Dean Tony La Viña is an international environmental lawyer and expert. He is a veteran negotiator for the Philippines in many environmental conferences. This is part of a series of reflections he will share on the outcomes of the United Nations Conference on Sustainable Development, held in Rio de Janeiro, Brazil last week and what it means to the Philippines and the world.

Dean Tony La ViñaIn Rio de Janiero, Brazil on June 22, the last day of the United Nations Conference on Sustainable Development, representatives of 188 governments (practically all countries) approved the outcome document of the conference entitled “The Future We Want”.

The official conference, also known as the Rio +20 Conference, because it was convened on the 20th anniversary of the 1992 Earth Summit held also in the same city, was attended by heads of states and other high level officials and was preceded by months of negotiations over the outcome document.

The question now is – does “The Future We Want” meet our expectations? Does it advance sustainable development globally and in the countries where it is needed most, the poorest and less developed countries? Will it lead to more effective environmental protection and more sustainable economic systems? Does it improve global, regional and national environmental governance? And most of all, is the future outlined in the outcome document what we – as a global community of states, peoples, communities and citizens – really want.

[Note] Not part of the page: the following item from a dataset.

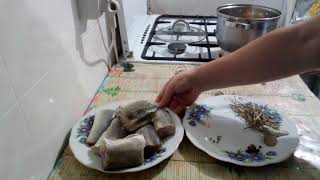 Отварная, очень вкусная рыба для салатов и других блюд. Отварная, очень вкусная рыба для салатов и других блюд.
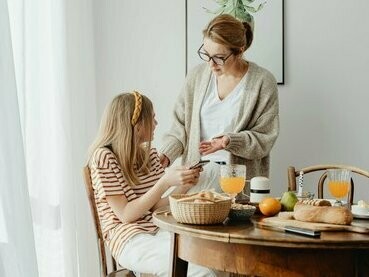 Mãe repreende filha por conta do uso excessivo do celular. Mas, pasmem, o aspecto mais grave dessa dependência tecnológica não é a debilidade socioemocional, por mais alarmante que seja. O perigo mais latente, a ameaça mais existencial, reside na perda progressiva da capacidade de escrever manualmente. A escrita à mão não é apenas um ato mecânico; é um processo que ativa diversas áreas do cérebro, estimulando a coordenação motora fina, a percepção espacial e a formação de ideias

On first glance, “The Future We Want” seems to be on the right track by reaffirming principles and agreements from the Earth Summit. These include:

  • Renewing the commitment to sustainable development, and to ensure the promotion of economically, socially and environmentally sustainable future for our planet and for present and future generations.
  • Recognizing that eradicating poverty is the greatest global challenge facing the world today and an indispensable requirement for sustainable development.
  • Acknowledging the need to further mainstream sustainable development at all levels integrating economic, social and environmental aspects and recognizing their interlinkages, so as to achieve sustainable development in all its dimensions.
  • Putting people at the center of sustainable development and commiting to strive for a world which is just, equitable and inclusive
  • Reiterating the importance of freedom, peace and security, respect for all human rights, including the right to development and the right to an adequate standard of living, including the right to food, the rule of law, gender equality and women’s empowerment and the overall commitment to just and democratic societies for development.
  • Understanding the role of democracy, good governance and the rule of law, at the national and international levels, as an enabling environment and as essential for sustainable development, including the need for institutions at all levels that are effective, transparent, accountable and democratic.
  • Underscoring that sustainable development requires concrete and urgent action and can only be achieved with a broad alliance of people, governments, civil society and private sector, all working together to secure the future we want for present and future generations.
  • Reaffirming all the principles of the Rio Declaration on Environment and Development, including, inter alia, the principle of common but differentiated responsibilities, as set out in Principle 7 of the Rio Declaration.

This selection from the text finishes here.